One secret to bury, I thought, hysterical laughter bubbling up inside of me. One to burn. The White Gloves couldn’t have equipped Aunt Olivia better for this insanity if they’d tried.
Campbell lunged forward, but Aunt Olivia whipped the gun toward her and shot. “Consider that your only warning, young lady,” she said as the bullet buried itself behind Campbell in the wood. “I won’t deign to miss again.”
“You were always nice to me,” Sadie-Grace said quietly. “When my mama died, you were the one who held me, not my daddy. I stayed at your house for weeks.”
“I know, sugar,” Aunt Olivia replied gently. “This isn’t what I wanted. Believe me.”
“What did you think was going to happen when you drugged Sawyer and Sadie-Grace and tossed them in a hole?” Campbell asked.
Aunt Olivia didn’t answer the question. “This wasn’t what I wanted,” she repeated.

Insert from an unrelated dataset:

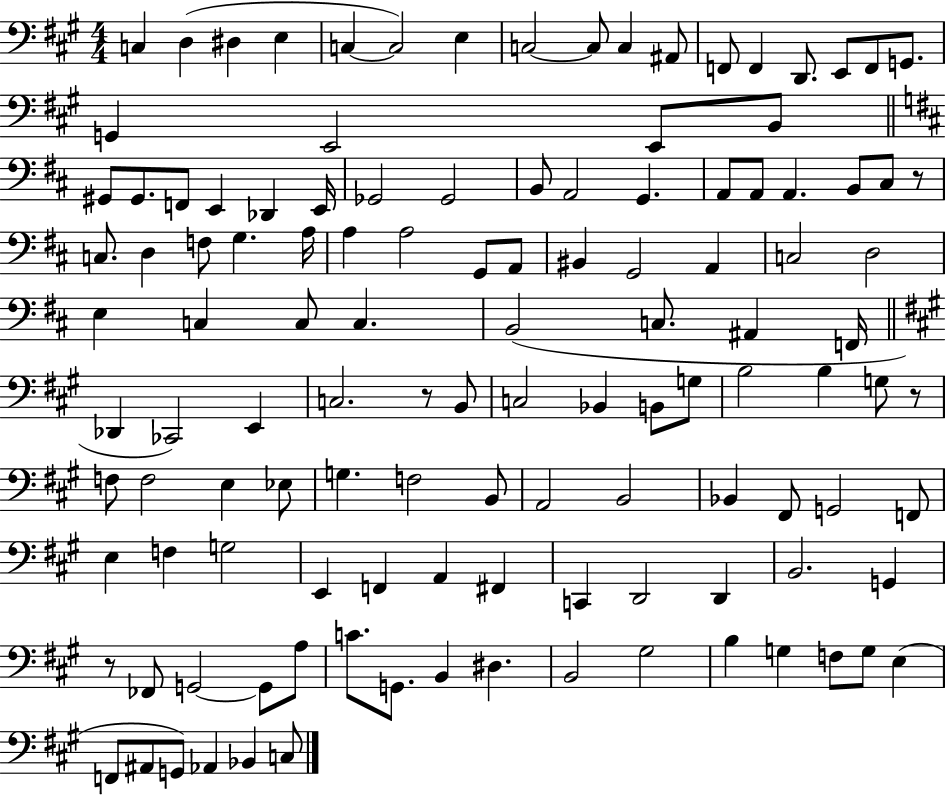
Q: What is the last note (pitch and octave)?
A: C3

“You wanted things to be perfect,” I said. I still wasn’t sure what had led Aunt Olivia to thinking this was the solution to her problems, but I did know there was power in telling people what they wanted to hear. “Maybe they still can be.”
“Don’t be silly.” Aunt Olivia dismissed that notion out of hand. “If we’d been the only ones on this island, this could have been contained. But now? Campbell is trouble. She always has been, and don’t even get me started on—”
“Sawyer’s right,” Victoria interjected. “This can still be contained. As the only outsider to this whole situation, allow me to assure you that literally no one would believe any of this if we tried to tell them a word of it.”
“Besides,” Campbell added, “do you really think my mama is going to let anything about what happened to the real Liv come out? Aunt Julia? My grandfather?” Campbell seemed to have recovered from her near miss with the bullet. She tossed her auburn hair over one shoulder. “My father is already in prison. There is no way on this planet that my grandfather would allow a scandal like this one to touch my only remaining parent and both of Boone’s.”
There was a moment’s silence, which Sadie-Grace obligingly filled. “I don’t mind about the hole,” she promised sweetly. “Accidents happen. Lily and I once accidentally kidnapped Campbell and tied her to a chair for three days, and that turned out fine.”
“You what?” Aunt Olivia said.
“You can still walk away from this,” I reiterated, putting everything I had into those words. “Things don’t have to be perfect. They can just be.”
For a moment, I thought she was considering that. And then she finished dousing the wood in lighter fluid and pulled out a lighter.